Visiting the war cemetery in Normandy taught Donna Klein that soldiers who are injured or die in battle are not ‘losers’; they are the strongest among us.
I spent six months of the mid-’70s living in Normandy, France, on foreign study. My dad had urged me to tell the older people I met of his military service. Honestly, at age 20, and with everybody’s dad being a WWII veteran, I was not real impressed. Dumb me.
Anyway, this local man at the university heard me say that my dad served on a battleship and was behind a gun at the D-Day invasion. In awe, he told me, “Your father saved my country. It is my obligation to take you to the war beaches.”
That weekend, he picked me up for a nice lunch in his home with his whole family. His poor teen boys were bored out of their minds, but he made them sit there politely. He then packed us all in his tiny car and we drove out to the ocean, those legendary war beaches.
It was winter, cold and windy. No one was there but us. The man’s wife and kids stayed warm in the car. Our first stop: this miniscule museum, just a hole-in-the wall. Right there, in glorious black and white, hung a photo of my dad’s battleship!
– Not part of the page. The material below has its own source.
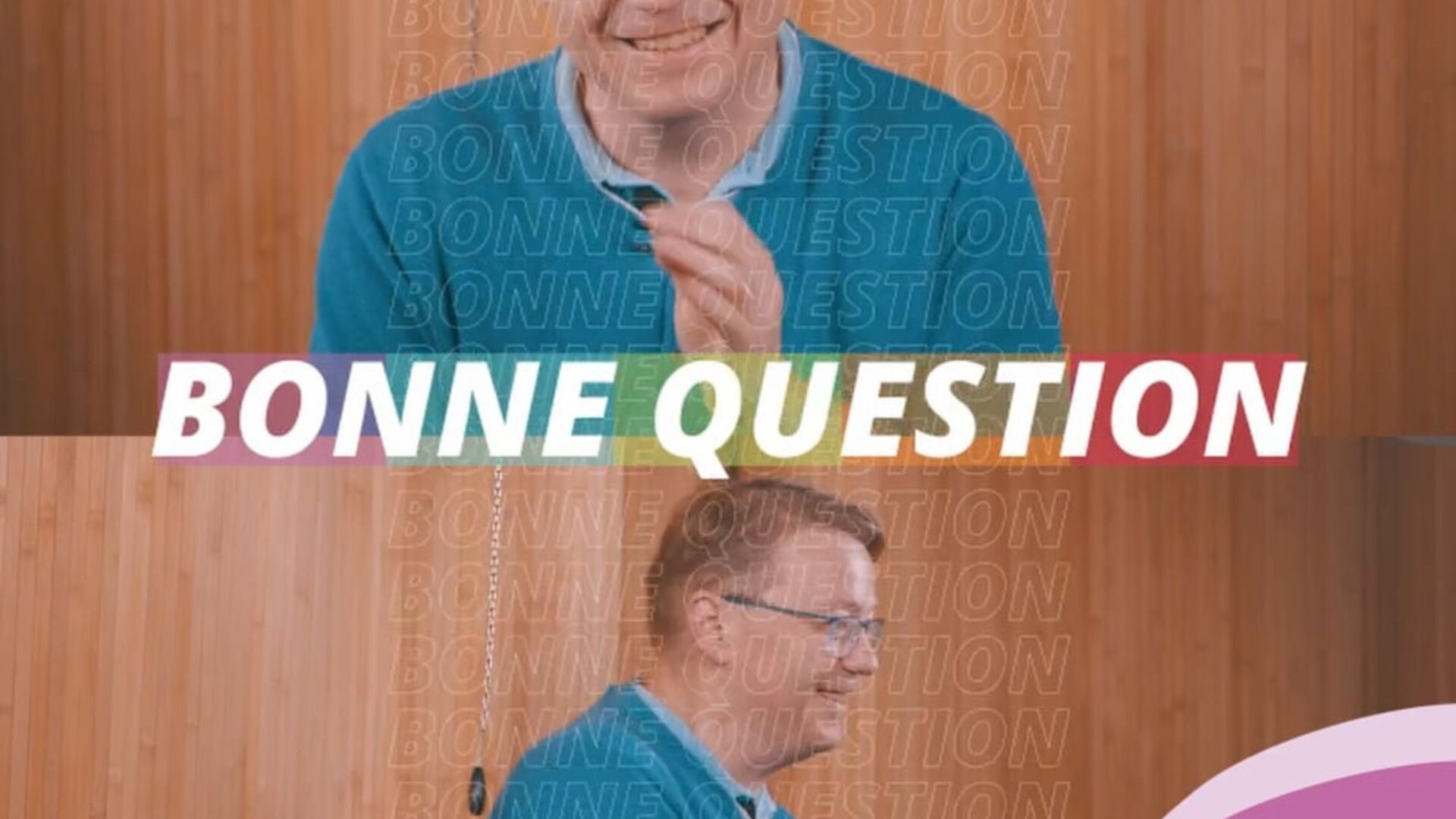 Bonnequestion Manu Siquet Cover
Then he walked me out to the edge of those cliffs. The wind ripped through our clothes and we stood in silence. I looked out on the ocean and pictured my teenaged dad scared out of his mind but standing on duty behind those huge guns.
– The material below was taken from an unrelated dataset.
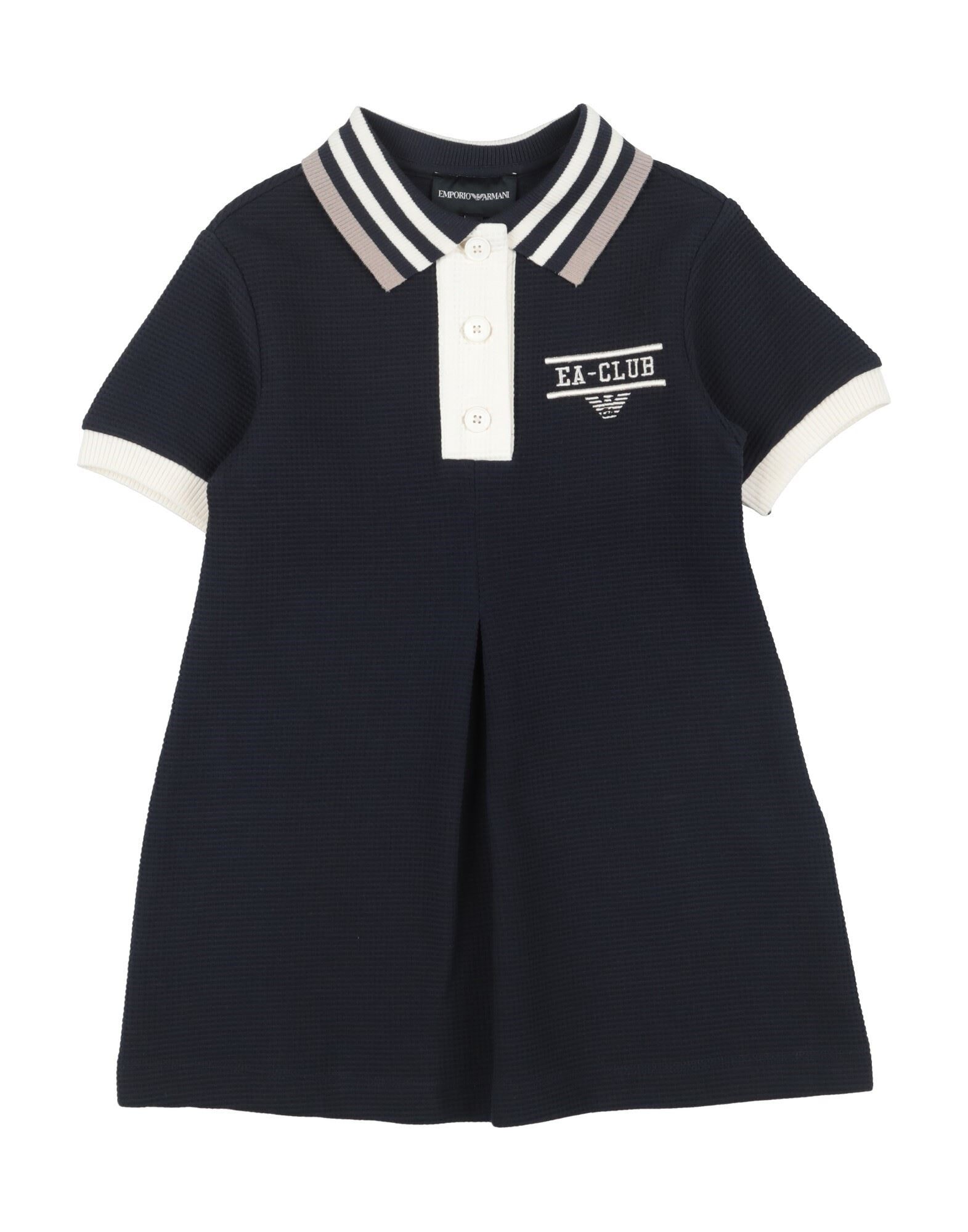 EMPORIO ARMANI - Kids’ dresses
Last stop, the cemetery. He walked me over. Then he said to me, in French of course, “You are back in America. France gave this land to your country in gratitude for saving ours. You are home.”
We stood in that sacred land, every which way seeing perfect lines of stark white grave markers. Again, this was winter, and it was bare and cold, as it really should be for something so monumental.
This day was a high point of my life, a dividing line. Until then, I thought it was just dumb old war stories that everybody’s dad had. But at that moment, I understood.
So, you can imagine the depth of my horror and absolute disgust (yours, too, I am sure!) to hear that President Trump disrespected, actually denigrated, those lost war heroes who died or were injured in battle, according to a recent report in The Atlantic. My dad was honorably discharged for a physical injury during battle. His eardrums were blown out from the guns. Per Trump, he is a “loser.” Trump dismisses my dad’s sacrifice.
I’m speechless. I had to take another look at this Normandy cemetery, located right at the beaches where these brave men lost their lives, to remind myself of the utter depravity of this man’s soul.
May they rest in peace. I hope my beloved dad is, too.
Donna Klein lives in Birmingham. She is a member of Temple Emanu-El.